Türkische Militärs trainieren neuerdings auch die libysche Küstenwache und
die Luftwaffe. Im Gegenzug hat die libysche Einheitsregierung umfangreiche
Wirtschaftsabkommen mit der Türkei geschlossen. Zuletzt wurde der
Wiederaufbau des internationalen Flughafens von Tripolis an ein türkisches
Baukonsortium vergeben.
Der Hauptabschreckungsfaktor gegen die mit türkischer Hilfe aufgerüsteten
westlibyschen Einheiten sind ein Dutzend russische Mig-29-Kampfflugzeuge,
die auf dem Militärflughafen des zentrallibyschen Jufra stationiert sind.
Haftars LNA kontrolliert immer noch die meisten Ölfelder und damit die
Haupteinnahmequelle des Staats. Söldner der privaten russischen
Sicherheitsfirma Wagner und angeheuerte sudanesische Rebellen, die
aufseiten Haftars kämpfen, konnten eine geplante türkische Offensive auf
die Ölfelder verhindern.
## Abkommen bleibt vage
Der Leiter von Haftars Delegation in Genf, Mohammed Alamami, bezeichnete
das Abkommen vom Freitag als wichtigen Schritt zu einem dauerhaften Frieden
in Libyen. Ein Sprecher des EU-Außenbeauftragten Josep Borrell teilte mit,
das Abkommen sei ein Schlüssel für die Wiederaufnahme des politischen
Friedensprozesses. Dieser sei die Vorbedingung für die zugesagten
Finanzhilfen sowie für ein weiteres Engagement der EU in Libyen.
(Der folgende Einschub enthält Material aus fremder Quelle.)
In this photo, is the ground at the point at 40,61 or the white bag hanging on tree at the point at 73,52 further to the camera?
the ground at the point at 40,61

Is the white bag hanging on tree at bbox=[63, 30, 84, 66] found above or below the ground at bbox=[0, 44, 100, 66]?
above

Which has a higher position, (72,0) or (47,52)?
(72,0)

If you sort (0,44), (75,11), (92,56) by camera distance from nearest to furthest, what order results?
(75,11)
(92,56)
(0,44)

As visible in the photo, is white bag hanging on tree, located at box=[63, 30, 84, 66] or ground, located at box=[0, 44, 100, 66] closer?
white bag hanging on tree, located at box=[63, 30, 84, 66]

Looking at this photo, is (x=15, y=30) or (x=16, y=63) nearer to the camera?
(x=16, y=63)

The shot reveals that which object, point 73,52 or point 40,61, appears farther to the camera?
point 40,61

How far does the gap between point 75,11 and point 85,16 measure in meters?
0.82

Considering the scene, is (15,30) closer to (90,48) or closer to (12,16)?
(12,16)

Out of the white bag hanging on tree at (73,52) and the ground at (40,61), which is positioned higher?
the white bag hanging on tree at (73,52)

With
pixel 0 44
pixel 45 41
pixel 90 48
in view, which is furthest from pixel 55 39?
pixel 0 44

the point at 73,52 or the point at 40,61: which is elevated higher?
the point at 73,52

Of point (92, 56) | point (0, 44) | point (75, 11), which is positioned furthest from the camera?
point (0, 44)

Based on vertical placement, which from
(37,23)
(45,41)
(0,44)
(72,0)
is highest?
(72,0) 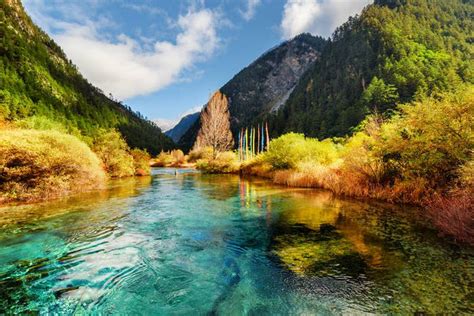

Das Genfer Abkommen bleibt in vielen Punkten allerdings vage, etwa bei der
von Tripolis geforderten Demilitarisierung der Stadt Sirte und der
Ölfelder. Haftars Offiziere wollen in Zentrallibyen nur gemeinsame
Patrouillen zulassen.
Laut Abkommen muss auch das Training von libyschen Militärs durch
ausländische Berater beendet werden. „Werden die türkischen und russischen
Militärs einfach so abziehen und damit freiwillig die Kontrolle über
Afrikas ölreichste Region aufgeben?“, fragt der politische Analyst Wail
al-Uscheibi aus Bengasi gegenüber der taz, „ich bezweifle das.“
Mit dem Waffenstillstand ist es der nur übergangsweise als UNSMIL-Chefin
agierenden Williams gelungen, den politischen Übergangsprozess wieder in
die Hände der UNO zu legen. Al-Uscheibi hofft, dass nun die Beschlüsse der
Berliner Libyen-Konferenz aus dem Januar umgesetzt werden. Ab dem 9.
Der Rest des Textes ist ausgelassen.